What is the role of a real estate attorney in managing these very different aspects of the practice? Here are some practice suggestions to consider:

  • Flexibility. Practitioners should not rely on what has been the usual pace for real estate deals. Market conditions have required the real estate practitioner be nimble and prepared to adapt his or her pace to accommodate external factors such as favorable interest rates, construction-related concerns and the ongoing and residual impact of the pandemic on services which rely on availability of personnel or labor.
  • Creativity. With uncertainty in various sectors of the commercial real estate market and urgency to close deals on attractive product-type, drafting and negotiation strategies may require a certain level of creativity rather than strict adherence to what may have been practice in prior years. Appreciating that current market conditions may influence the bargaining power of one party over another in a purchase/sale transaction or lease, real estate attorneys may need to blend what had been traditional negotiation or drafting strategies with novel treatment of certain deal terms. Clients may be willing (or may need) to entertain alternative provisions to make a deal work.

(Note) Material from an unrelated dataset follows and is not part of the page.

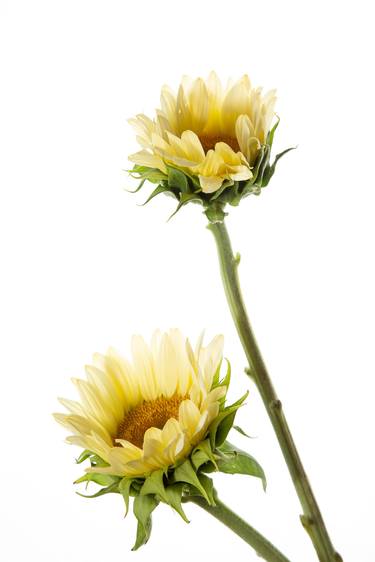 Sunflower thumb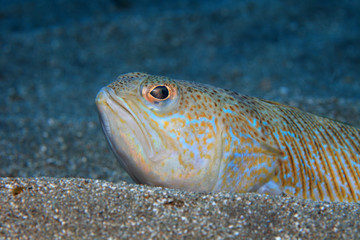 Grosses Petermännchen (Trachinus draco)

  • Organization. With real estate deals being rushed to closing, or as may be the case with leases, sudden urgency to paper the lease after business issues have been resolved, enlisting tools such as document checklists, critical date timelines, calendar reminders, and other productivity tools, become essential. In a hectic deal environment, such tools provide easily accessible reminders and summaries of where a transaction stands and helps avoid missteps.
  • Proper Deal Staffing. As real estate practitioners, the importance of having the right person working on a deal is not lost on anyone. However, ensuring the right person is available when needed can be elusive. Having a plan in place which allocates attorney, paralegal and legal assistant time, and respective responsibilities, can help ensure that the right person is available when needed.

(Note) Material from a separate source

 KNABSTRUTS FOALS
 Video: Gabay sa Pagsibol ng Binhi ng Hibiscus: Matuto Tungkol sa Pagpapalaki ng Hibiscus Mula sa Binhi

  • Manage Client Expectations. This sounds much easier than it is since real estate attorneys wear many hats for clients over the span of a transaction—from drafting and negotiating documents, to managing receipt of property information and responding to third-party inquiries. It is nevertheless important to be mindful of not over-promising. Consider that when a closing is occurring or there is a tight deadline on turning a document, it is likely you cannot “take a quick look” at a document. Rather, you are better serving the client by being realistic on when you can turn your attention to their request.
  • Responsiveness. No matter the size of the deal, clients get concerned when they do not hear from counsel for a period of time. It is good practice to reserve time to update clients on status, even if there is nothing to report.

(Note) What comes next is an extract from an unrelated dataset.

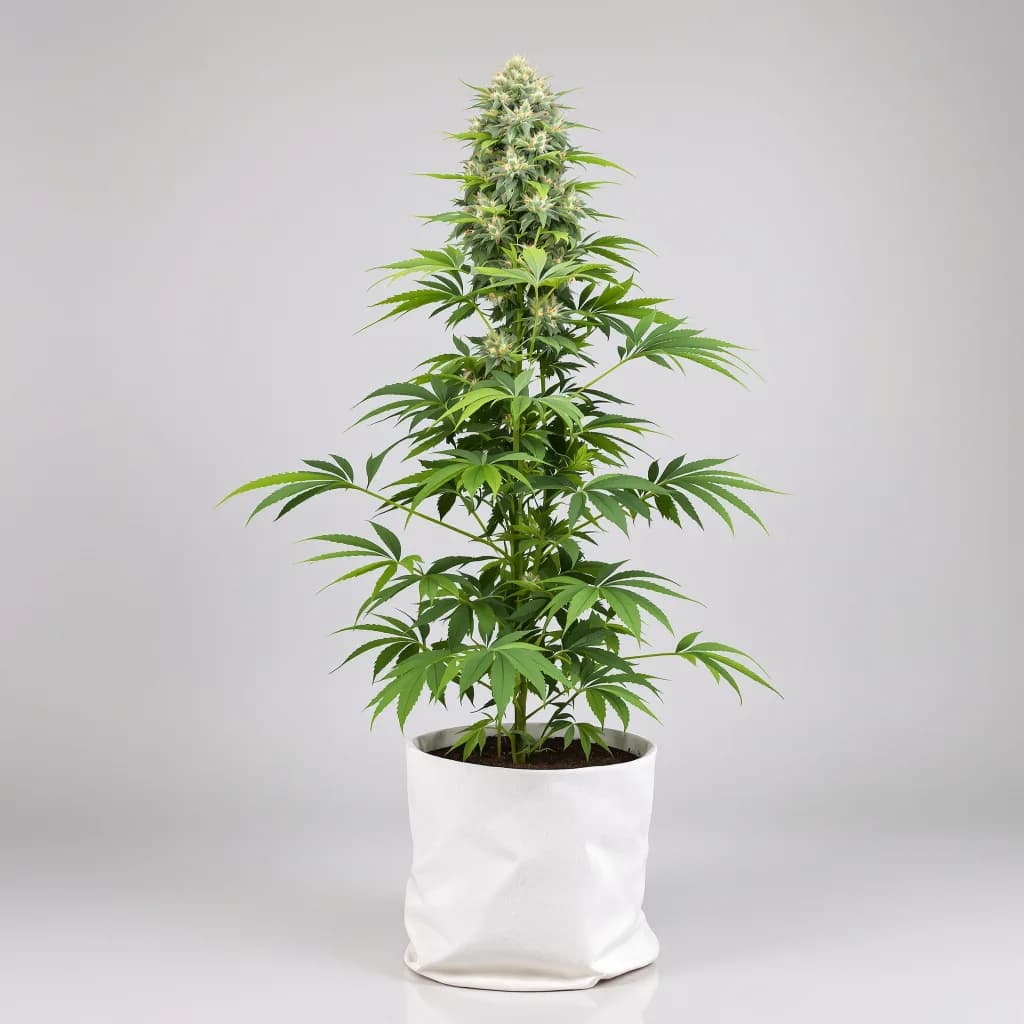Cookies Kush cannabis seeds packaging β Royal King Seeds the UK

  • Communication. Especially when a deal is moving at a fast pace, there is great value in communicating with all parties attached to the deal. The moving parts in many transactions involve third parties that are not always copied on emails and documents. Consider that lenders, brokers, title agents, surveyors, consultants, etc., may not “be in the loop” on certain details, and ensuring such parties are informed of status can avoid troublesome delays when the transaction is ready to close. Additionally, communicating and inquiring with opposing counsel on status of document preparation and review is important to keep the process moving.
  • Civility. In transactions where there is an urgency to close or there are timing pressures of any nature, or perhaps a deal appears to be taking too long, the client, the business people and the lawyers will naturally be under stress. Although a level of frustration is understandable, compounding stress by being unpleasant or even hostile, does not facilitate closing. Remaining professional and civil at all times is a good practice strategy for both normal and high-stress situations.
  • Take Care of Yourself. The stress and demands of practicing real estate law can be unrelenting. Mentally stepping away from work is important. The brain needs to rest, and spending time with family and friends, and carving time out of your day to relax has incalculable benefits.